I’m working on this piece to play at the
Dan Laurin Masterclass. There are a couple of ways in which existing
editions of van Eyck don’t completely meet the needs of performing
recorder players:
- The pieces are theme and variations on popular tunes of the day,
which van Eyck and his audience undoubtedly thought of with the
words. The good editions include the words in endnotes, but don’t
underlay them for the performer. - Several famous recorder players have told me that the way to
practice the fancy variations is in conjunction with the simpler
ones. That is, you play a phrase of the original tune, then the same
phrase in the variation you’re working on. This is easy with the
first phrase, but I end up with all kinds of markings on my music for
finding the beginnings of the subsequent phrases easily in the
variations. - Less important and maybe not important at all: printed music from the
seventeenth century did not beam the notes. This makes the van Eyck
facsimile all but impossible to play from, as telling the eight notes
from the sixteenth notes is really difficult at playing speed. It
isn’t clear that it’s really that inauthentic to play from editions
with beamed notes — hand-written music from that era did beam notes,
so it was probably the printing technology that made it necessary to
not beam anything. However, in eighteenth century facsimiles, where
there are beamed notes, the beaming is much less regular than in more
modern printing, and is used as an editorial grouping, not a
completely regular indication of the beats. So it isn’t clear that
the beams in a modern edition necessarily would be the ones that van
Eyck or one of his scribes would have written.
So as a music publisher, I am experimenting with whether there are
better ways to present the music for a performer to work on. I have
three versions of this piece on the web:
- number
290, which is unbeamed but has the tune underlaid with the words. - Number
291, which is unbeamed, with the words underlaid, and the 4
versions arranged as a “score”, so that it’s clear what notes in the
variations correspond with what place in the tune and with each
other. This one unfortunately went to three pages,
so you might want to look at
the beginnings of the book
instead. - Number
292, which is like 291, but with the notes beamed.

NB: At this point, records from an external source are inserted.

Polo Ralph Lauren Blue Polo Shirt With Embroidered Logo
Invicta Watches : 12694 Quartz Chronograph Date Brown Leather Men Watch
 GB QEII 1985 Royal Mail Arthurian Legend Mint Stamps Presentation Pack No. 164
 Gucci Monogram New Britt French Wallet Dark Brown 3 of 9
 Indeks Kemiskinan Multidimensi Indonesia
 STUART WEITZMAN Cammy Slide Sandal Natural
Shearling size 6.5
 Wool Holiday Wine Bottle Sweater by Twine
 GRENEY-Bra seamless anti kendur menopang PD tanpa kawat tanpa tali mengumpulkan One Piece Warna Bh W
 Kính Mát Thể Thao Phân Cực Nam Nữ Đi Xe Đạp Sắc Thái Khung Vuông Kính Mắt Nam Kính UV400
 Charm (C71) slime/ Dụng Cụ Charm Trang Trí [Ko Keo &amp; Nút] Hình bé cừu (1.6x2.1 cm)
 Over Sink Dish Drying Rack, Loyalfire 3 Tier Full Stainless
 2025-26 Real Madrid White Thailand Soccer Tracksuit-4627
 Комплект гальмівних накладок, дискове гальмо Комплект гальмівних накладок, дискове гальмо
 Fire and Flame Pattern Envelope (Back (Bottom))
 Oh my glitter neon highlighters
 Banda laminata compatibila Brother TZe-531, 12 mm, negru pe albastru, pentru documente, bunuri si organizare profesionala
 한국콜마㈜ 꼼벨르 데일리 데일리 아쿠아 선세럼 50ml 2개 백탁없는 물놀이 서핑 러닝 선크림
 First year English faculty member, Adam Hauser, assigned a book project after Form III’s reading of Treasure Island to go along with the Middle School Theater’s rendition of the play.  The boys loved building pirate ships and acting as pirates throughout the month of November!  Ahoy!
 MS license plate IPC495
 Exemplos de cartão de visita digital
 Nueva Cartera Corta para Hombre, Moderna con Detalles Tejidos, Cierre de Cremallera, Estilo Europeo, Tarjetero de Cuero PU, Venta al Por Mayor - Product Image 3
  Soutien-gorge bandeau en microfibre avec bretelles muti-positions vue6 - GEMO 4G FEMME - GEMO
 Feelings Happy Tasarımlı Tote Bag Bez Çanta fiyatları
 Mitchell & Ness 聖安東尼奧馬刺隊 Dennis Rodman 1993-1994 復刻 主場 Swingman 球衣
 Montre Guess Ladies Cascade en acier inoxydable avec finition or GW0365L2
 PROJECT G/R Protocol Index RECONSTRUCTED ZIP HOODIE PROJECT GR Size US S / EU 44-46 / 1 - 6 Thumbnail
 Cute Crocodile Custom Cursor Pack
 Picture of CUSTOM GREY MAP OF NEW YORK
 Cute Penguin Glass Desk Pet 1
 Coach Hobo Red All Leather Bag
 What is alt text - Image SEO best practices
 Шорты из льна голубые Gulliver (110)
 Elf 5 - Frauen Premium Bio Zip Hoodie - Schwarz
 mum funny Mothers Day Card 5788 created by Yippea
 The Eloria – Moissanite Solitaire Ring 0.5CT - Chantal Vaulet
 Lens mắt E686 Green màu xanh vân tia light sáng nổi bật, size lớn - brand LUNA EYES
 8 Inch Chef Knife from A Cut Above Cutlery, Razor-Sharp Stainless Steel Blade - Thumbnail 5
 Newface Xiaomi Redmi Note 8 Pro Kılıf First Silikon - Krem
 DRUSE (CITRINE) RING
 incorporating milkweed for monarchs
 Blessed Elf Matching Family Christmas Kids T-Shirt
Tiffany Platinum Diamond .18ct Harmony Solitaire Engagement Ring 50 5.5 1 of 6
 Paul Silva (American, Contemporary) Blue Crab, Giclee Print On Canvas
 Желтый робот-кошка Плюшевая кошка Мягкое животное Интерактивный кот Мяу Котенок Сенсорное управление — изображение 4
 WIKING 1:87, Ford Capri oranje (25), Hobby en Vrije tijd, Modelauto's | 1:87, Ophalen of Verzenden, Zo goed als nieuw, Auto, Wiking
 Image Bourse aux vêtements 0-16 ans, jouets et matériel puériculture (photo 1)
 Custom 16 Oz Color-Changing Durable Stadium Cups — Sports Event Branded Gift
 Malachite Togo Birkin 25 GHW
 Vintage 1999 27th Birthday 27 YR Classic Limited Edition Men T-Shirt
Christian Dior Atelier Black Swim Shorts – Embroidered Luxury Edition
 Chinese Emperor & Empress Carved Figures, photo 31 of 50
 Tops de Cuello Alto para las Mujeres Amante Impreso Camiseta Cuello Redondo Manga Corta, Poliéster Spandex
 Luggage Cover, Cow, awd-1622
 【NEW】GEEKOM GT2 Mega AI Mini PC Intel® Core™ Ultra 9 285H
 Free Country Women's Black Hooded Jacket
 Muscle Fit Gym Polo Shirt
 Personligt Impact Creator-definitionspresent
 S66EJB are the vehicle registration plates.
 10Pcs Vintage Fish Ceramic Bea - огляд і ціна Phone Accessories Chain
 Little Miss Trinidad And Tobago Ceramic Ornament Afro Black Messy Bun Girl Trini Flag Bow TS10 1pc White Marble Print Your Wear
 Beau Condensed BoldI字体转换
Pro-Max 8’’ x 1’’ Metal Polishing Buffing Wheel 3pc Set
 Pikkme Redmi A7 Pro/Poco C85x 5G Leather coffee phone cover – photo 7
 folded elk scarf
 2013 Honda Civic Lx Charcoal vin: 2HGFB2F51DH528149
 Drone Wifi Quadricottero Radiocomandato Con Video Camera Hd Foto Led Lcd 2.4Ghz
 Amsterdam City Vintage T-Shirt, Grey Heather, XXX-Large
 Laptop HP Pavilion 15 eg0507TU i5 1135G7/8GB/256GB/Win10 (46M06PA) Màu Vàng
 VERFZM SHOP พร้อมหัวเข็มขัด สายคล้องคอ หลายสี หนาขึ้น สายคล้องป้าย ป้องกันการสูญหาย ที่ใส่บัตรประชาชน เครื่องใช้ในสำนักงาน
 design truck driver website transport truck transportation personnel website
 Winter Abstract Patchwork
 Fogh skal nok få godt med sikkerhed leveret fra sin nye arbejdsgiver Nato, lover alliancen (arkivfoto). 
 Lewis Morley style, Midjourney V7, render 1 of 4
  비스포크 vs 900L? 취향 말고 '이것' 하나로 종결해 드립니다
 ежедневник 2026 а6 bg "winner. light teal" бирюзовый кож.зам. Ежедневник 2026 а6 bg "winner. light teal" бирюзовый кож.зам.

So if you’re a recorder player who enjoys van Eyck, try these, and let
me know what you think.
Words
The words to this one presented an editorial challenge. The Amadeus
edition that I play from has the French words in the back, and a
translation into German, but notes that the tune van Eyck used is
different from the French tune that goes with those words.
“The
Book”, Jacob
van Eyck’s Der fluyten lust-hof: (1644-c1655) (Muziekhistorische
monografieën) by Ruth van Baak Griffioen, has a facsimile of the
tune van Eyck used with the Dutch words, but doesn’t translate them.
The French words work pretty well for the B section, but have far
too many syllables for the A section.
If I manage to get a copy and even vaguely sensible translation of
the Dutch words, and find that they’re significantly different from
the French ones, I may decide to use them instead. For now, I have
abbreviated the French A section, and have underlaid it.
Update, March 26: One surprising thing you see when you print the
variations out in score format is that the last one ends with a
flourish that makes it a measure longer than the others. This means I
had to tell lilypond that the barlines were a property of the staff rather
than the score. This meant that in the first scores I published, the
barlines disappeared, since you have to use a different command to get
a staff barline than a score barline. Since I usually publish barless
music, I didn’t even notice until someone called it to my attention.
It’s fixed now.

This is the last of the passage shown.